Source data START
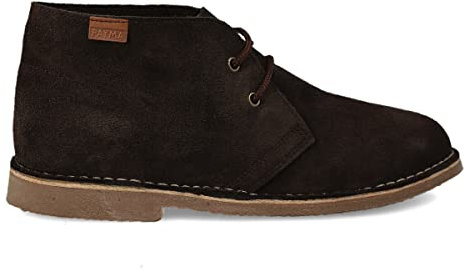 PAYMA - Stivali Stivaletti Safari Deserto in Pelle per Uomo e Donna. Fatto in Spagna. Scarpa Chukka in Crosta di Pelle Sport. Chiusura con Lacci. Suola in Gomma. Colore: Marrone, Taglia: EU 46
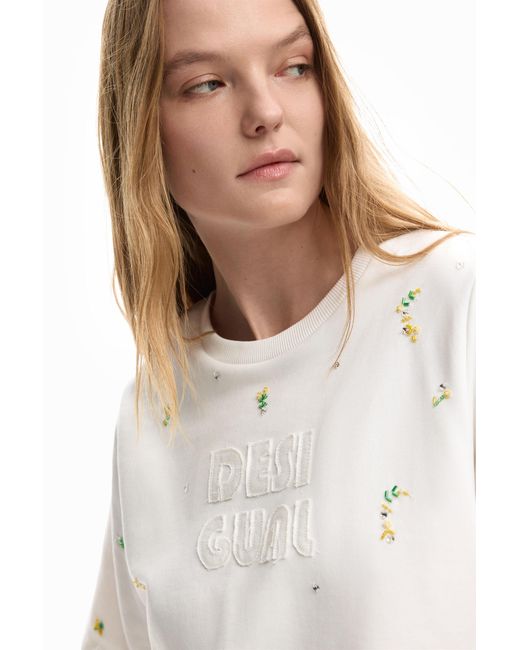 Desigual White Logo T-Shirt With Appliqués, Cotton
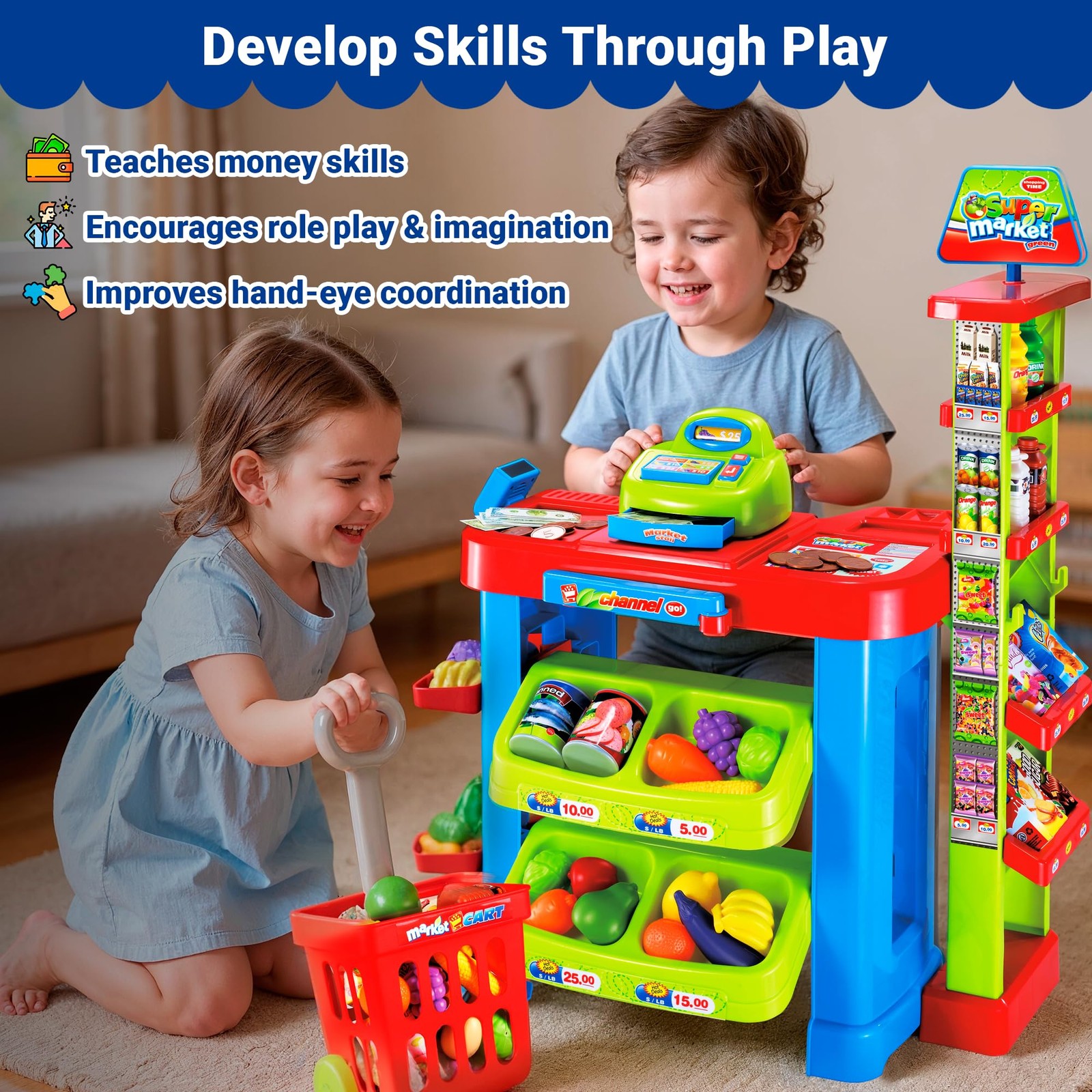 как выглядит Grocery Store Playset for Kids - Toy Shopping Cart, Cash Register Food фото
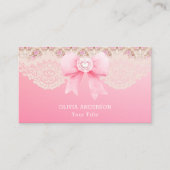 Vintage, rosa Rose, Streifen und Spitzen Visitenkarte (Vorderseite)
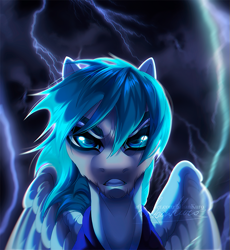 Size: 743x807 | Tagged: source needed, useless source url, safe, artist:dolorosacake, oc, oc only, oc:sky fang, pegasus, pony, angry, commission, community related, lightning, solo, storm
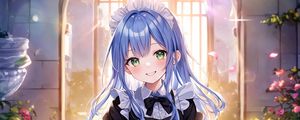 Preview wallpaper girl, maid, smile, dress, anime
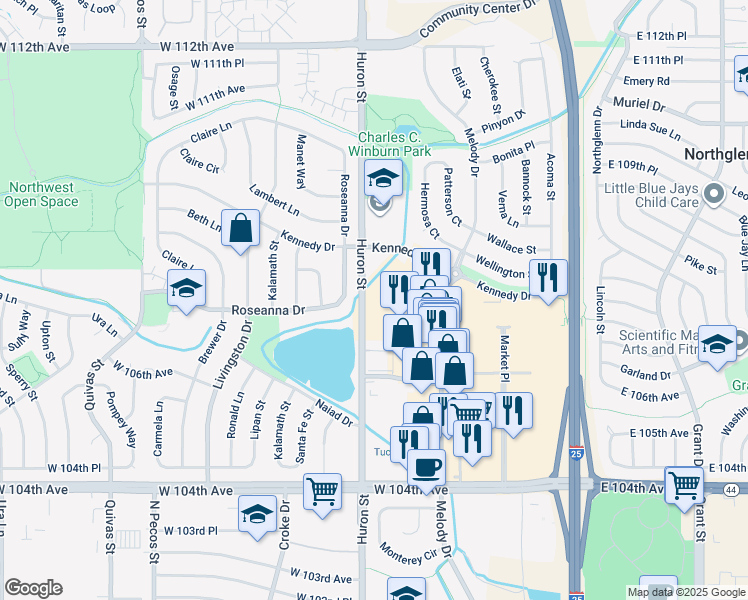 map of restaurants, bars, coffee shops, grocery stores, and more near 10738 Huron Street in Northglenn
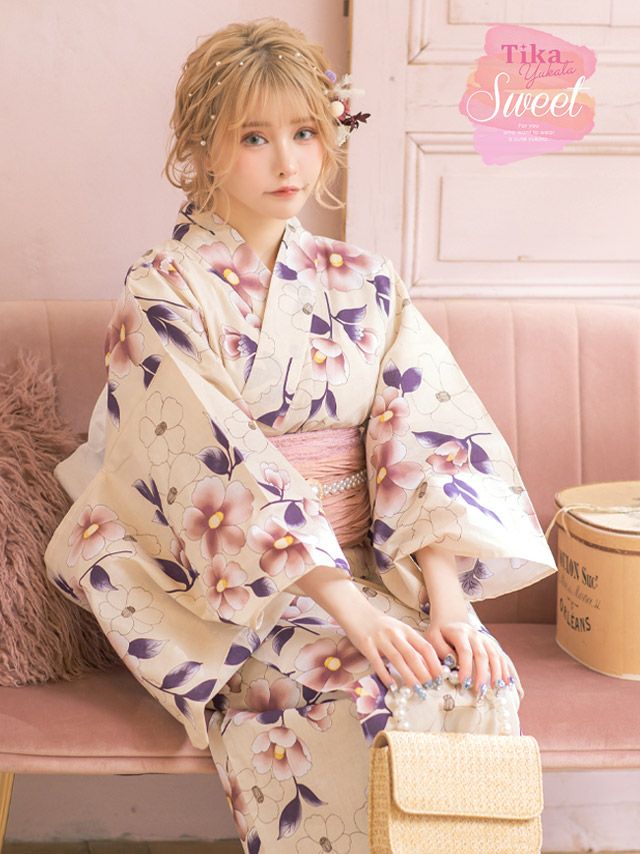 [浴衣] SWEET ニュアンスカラー×華やか椿 3点セット (ゆかた・兵児帯・下駄)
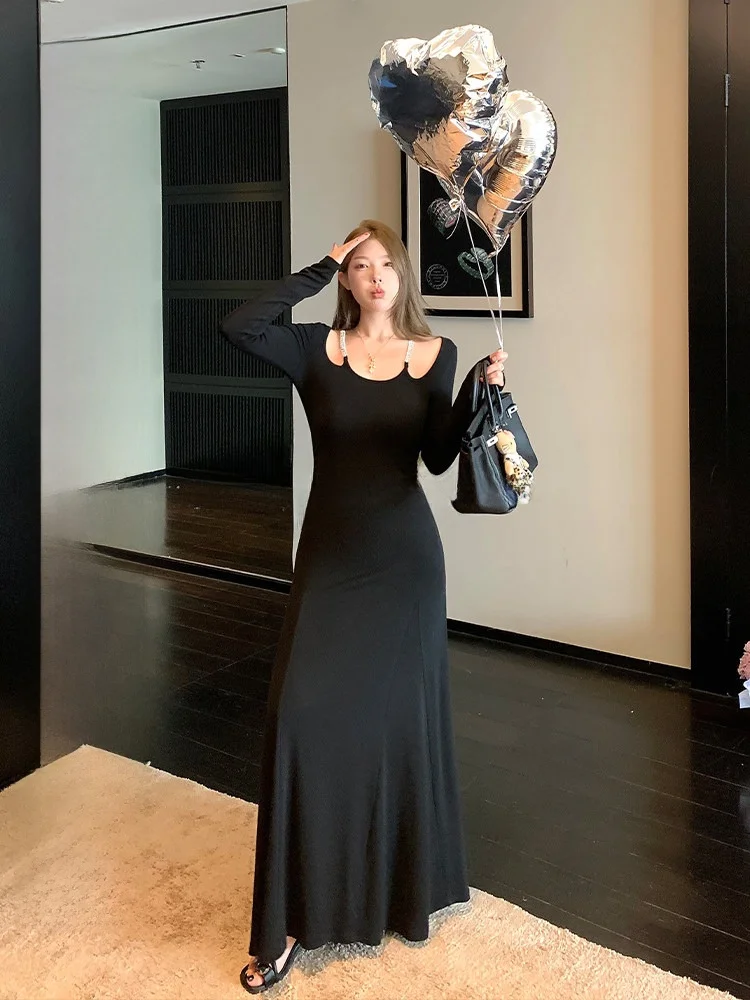 Black Ruched Shoulder Long Sleeve Knitted Dress Women's Spring Autumn LUU Tiao Xi Er Design Sensation Skirt Korean Style Pure...
Black Ruched Shoulder Long Sleeve Knitted Dress Women's Spring Autumn LUU Tiao Xi Er Design Sensation Skirt Korean Style Pure...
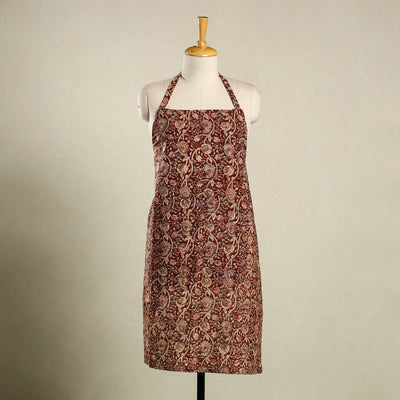 Maroon - kalamkari cotton apron with pocket 41 - handcrafted
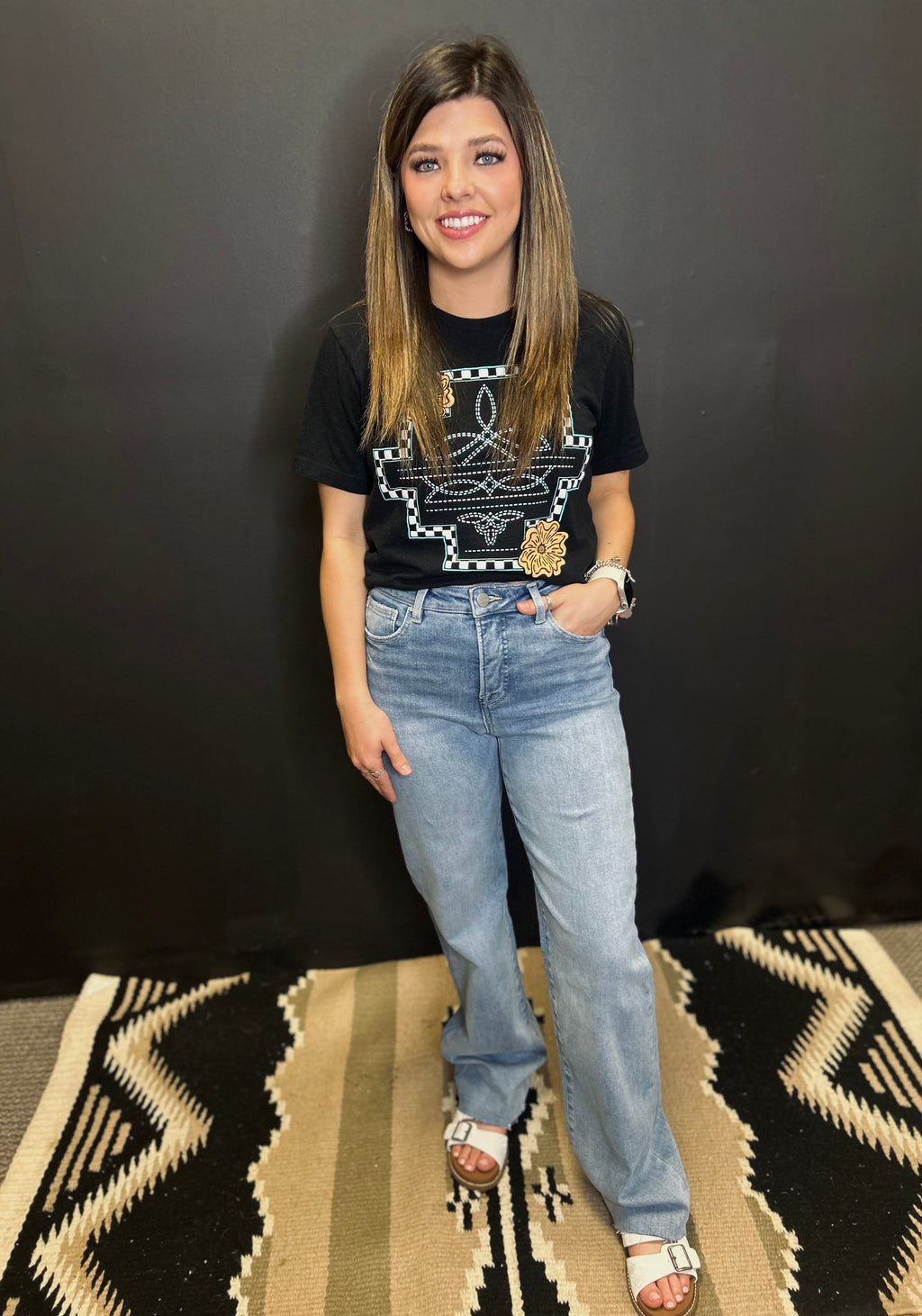 High Rise Light Wash Straight Leg Jeans*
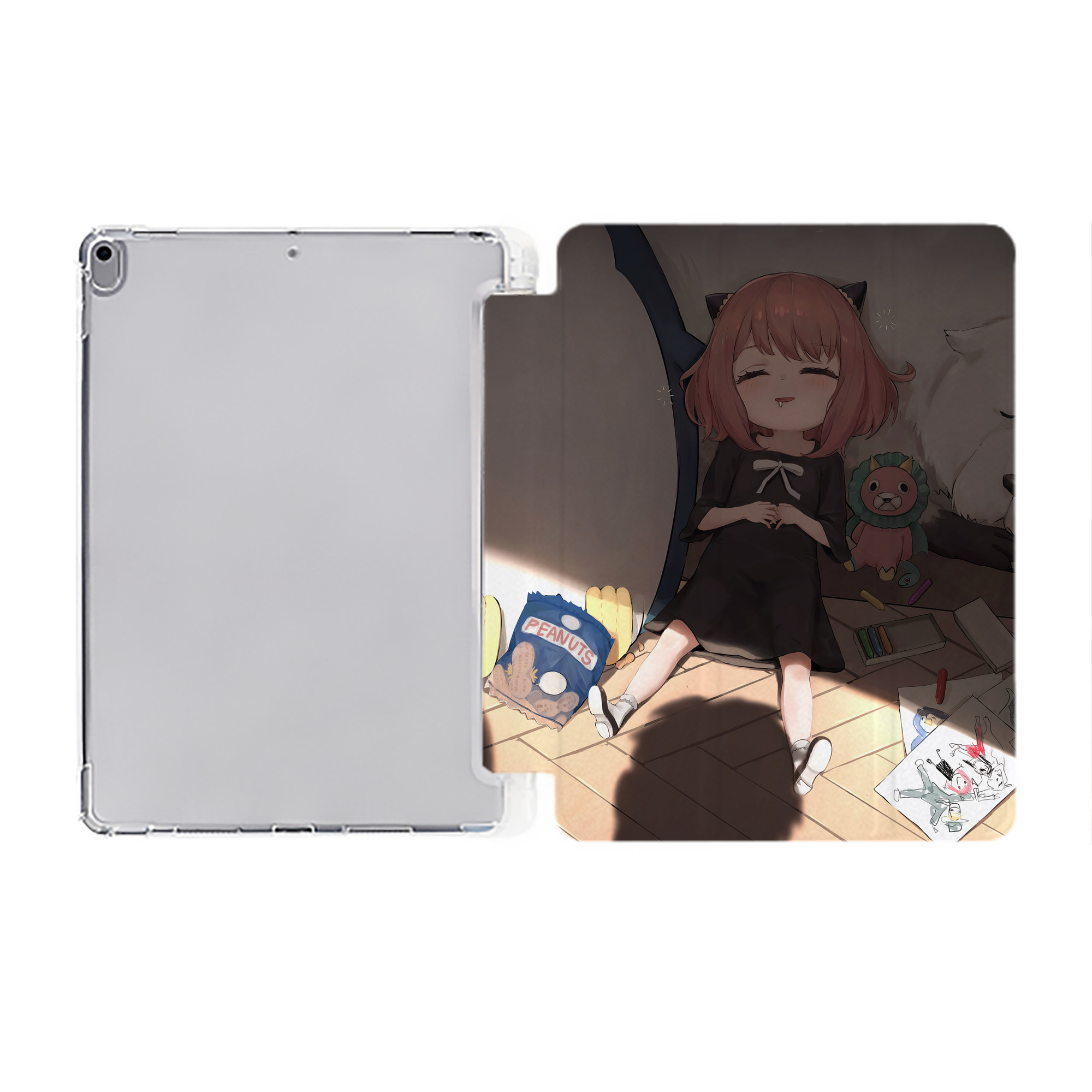 （画像用） SPY×FAMILY间谍家家酒 IPad ケース ペン収納付き 三つ折りスタンド PUレザー×シリコン 対応機種9.5/10.5/10.9インチ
Source data END
## What you will do
Give again exactly the lines from the one holding "Maroon - kalamkari" to the final line of the records, both ends included; any pictures stay out.

## Answer box
 Maroon - kalamkari cotton apron with pocket 41 - handcrafted
 High Rise Light Wash Straight Leg Jeans*
 （画像用） SPY×FAMILY间谍家家酒 IPad ケース ペン収納付き 三つ折りスタンド PUレザー×シリコン 対応機種9.5/10.5/10.9インチ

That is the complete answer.